Pricing with Artificial Intelligence
Updated: Jun 30, 2020
Pricing is recognized as a pivotal determinant of success in many industries and can be one of the most challenging tasks.
Companies often struggle with several aspects of the pricing process, including accurately forecasting the financial impact of potential tactics, taking reasonable consideration of core business constraints, and fairly validating the executed pricing decisions.
The history of AI price management can be traced back to 1985 when American Airlines introduced the first yield management system. The airline company had come under heavy pressure from low-cost airlines that were emerging at that time. American Airlines shook the entire airline market. This process caused the bankruptcy of American’s main low-cost competitor, People Express, a year after the yield management system was launched.
What areas of pricing have we worked on?
1. Price optimization
Price optimization is the use of mathematical analysis by a company to determine how customers will respond to different prices for their products and services through different channels.
It is also used to determine the prices that will best meet the objectives such as maximizing operating profit.
Artificial intelligence has enabled pricing solutions to track buying trends and determine more competitive product prices.
The AI automatically selects a product’s data attributes, and it computes for loss in sales volume, as well as the revenue or market share of a product when the same company launches a new product. It also computes for the potential change in the product’s demand when the price for other products changes, as well as competition, leading price, and total sales.
2. Price prediction
Accurately predicting the winning price at the next auction is the key to beat the competitors and increase the profitability of each sale.
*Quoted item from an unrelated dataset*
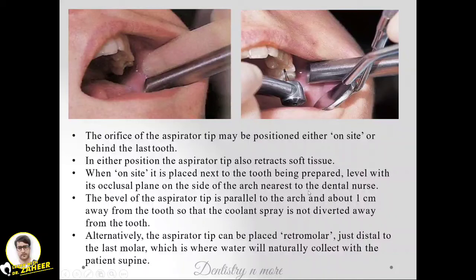When placed on-site, the aspirator tip is positioned next to the tooth being prepared, level with its occlusal plane, on the side of the arch nearest to the dental nurse. The bevel of the aspirator tip should be parallel to the arch and about one centimeter away from the tooth, so that the coolant spray is not diverted away from the tooth.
For example, AI algorithms are used for price prediction at medicine-auctions in the Pharma industry. At these auctions, Hospitals or Health Departments procure the medicines they need through public auctions. Pharmaceutical companies to offer the best price and win the lots at stake. The closest the winning price is to the second-best competitor, the bigger the margin won by the bidding company.
3. Demand forecast
A demand forecasting AI solution will enable companies to ingest historical transaction data, predict future demand, and obtain optimal pricing recommendations. As a result, the solution drives opportunities for improved profitability and reductions in time and effort allocated to pricing tasks.
In retail, for example, demand forecasting does not only feed with data from the past to predict the future but also evaluates external variables such as the calendar of events, seasonality and even the weather to deliver accurate forecasts.